Hakuhodo J5543 Blush Brush Round & Flat
Hakuhodo J5543 Blush Brush Round & Flat ($60.00) is a medium-sized blush brush with tapered bristles and a rounded edge that is just slightly curved but mostly flat across. It is fairly thick, dense, and delightfully soft and silky on the skin. The brush head is 31mm in length, 33mm in width, and 18mm in thickness (note: Hakuhodo lists it as 11.5mm thick, but after several uses and washes, mine is definitely thicker). It has a pinched ferrule with a total brush length of 6.5 inches or 16.5 centimeters. The weight is well-balanced with slightly more weight on the brush head end, but the handle is still balanced and nice to hold.
I loved it most with powder blush, powder bronzer, and for extra blending or diffusing of cheek color after products were initially applied. It really glides across the skin with a feather-light touch, and it can apply color with light to medium coverage easily. If you want richer color, I would just load the brush with more product, but it doesn’t take much. The thin, tapered bristles work well for blending and softening the edges of blush and bronzer without much work. I like to lightly pat the brush across the area I want to apply blush, and then I sweep it slowly upward and then lightly use short, quick passes along the edges to soften.

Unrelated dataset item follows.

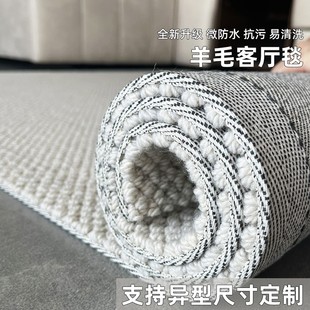 原色羊毛地毯轻奢卧室客厅地毯高级感极简风家用满铺定制2024新款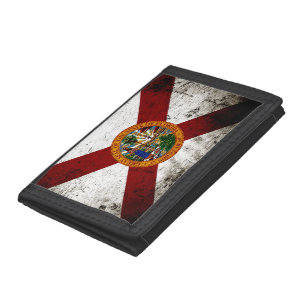 Schwarze Grunge-Florida-Staats-Flagge Trifold Geldbörse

It is quite similar to Tom Ford Cheek Brush ($78) with the biggest difference being that Tom Ford’s is noticeably denser, so it picks up more pigment/product off the bat, while the J5543 will allow for a slightly softer/lighter application. Blush is absolutely buildable with the J5543, so the same results can be achieved, and it ultimately depends on how heavy-handed you are, how pigmented the blush you’re using is, and how much product you get on the brush. The J5543 is equally soft and sometimes almost feels softer because it is less dense. Both are fantastic brushes. MAC 116 ($35) is less dense, not as soft, and is narrower at the base and more flared towards the top.
J116 Highlighter Brush Round & Flat ($34.00) is a small, tapered brush that comes to a small flattened point with rounded, tapered edges and is made out of white goat hair. It’s fairly flat but still dense and lush, where the bristles move more as one and sweep softly across the face. This style is also available in the S-series and B-series, both made out of blue squirrel hair, at $78 and $57 respectively. The brush head is 28mm in length, 23mm in width, and 10mm in thickness with a pinched ferrule and total brush length of 6.5 inches or 16.25 centimeters. The weight is well-distributed across the brush without making the handle feel too heavy or too light.
It’s a versatile brush shape that lends itself for applying blush, highlighter, or contour. It even works to apply setting powder underneath the eye to lock concealer in place. The tapered, rounded edge and smaller size makes it ideal for smaller areas, which is why it’s most recommended for highlighting. Because of its denseness and shape, it can also fit in the hollows of the cheek. For someone with smaller features, it could work as a smaller blush brush. I did like it best for highlighting, as it does a good job of picking up and laying down highlighting powders without over-applying. The brush easily diffuses and blends out even frostier highlighters to give them a more diffused glow. It also does a nice job applying lightweight cream blushes (like Chanel’s new ones) and diffusing them with even, streak-free color.
Sephora PRO Precision Blush (73) Brush ($32) is larger and thicker with more flex/spring, and it comes to a stronger point at the top, but they are somewhat similar; it is not as soft. MAC 159 ($35) has a flatter, more straight-across edge and is a duo-fiber brush, though it has a similar density. Real Techniques Duo-Fiber Contour Brush ($19.99, part of a 3-piece set) is rounded but not as tapered with more spring, but they are similar in overall size and (to a lesser degree) shape; this brush is particularly scratchy, though, so I would not recommend it in its place.
As a note, the lettering on the J-series brushes rubs/scratches off very easily, and the brush handles do not include numbers, which are the two things I disliked most about these Hakuhodo brushes.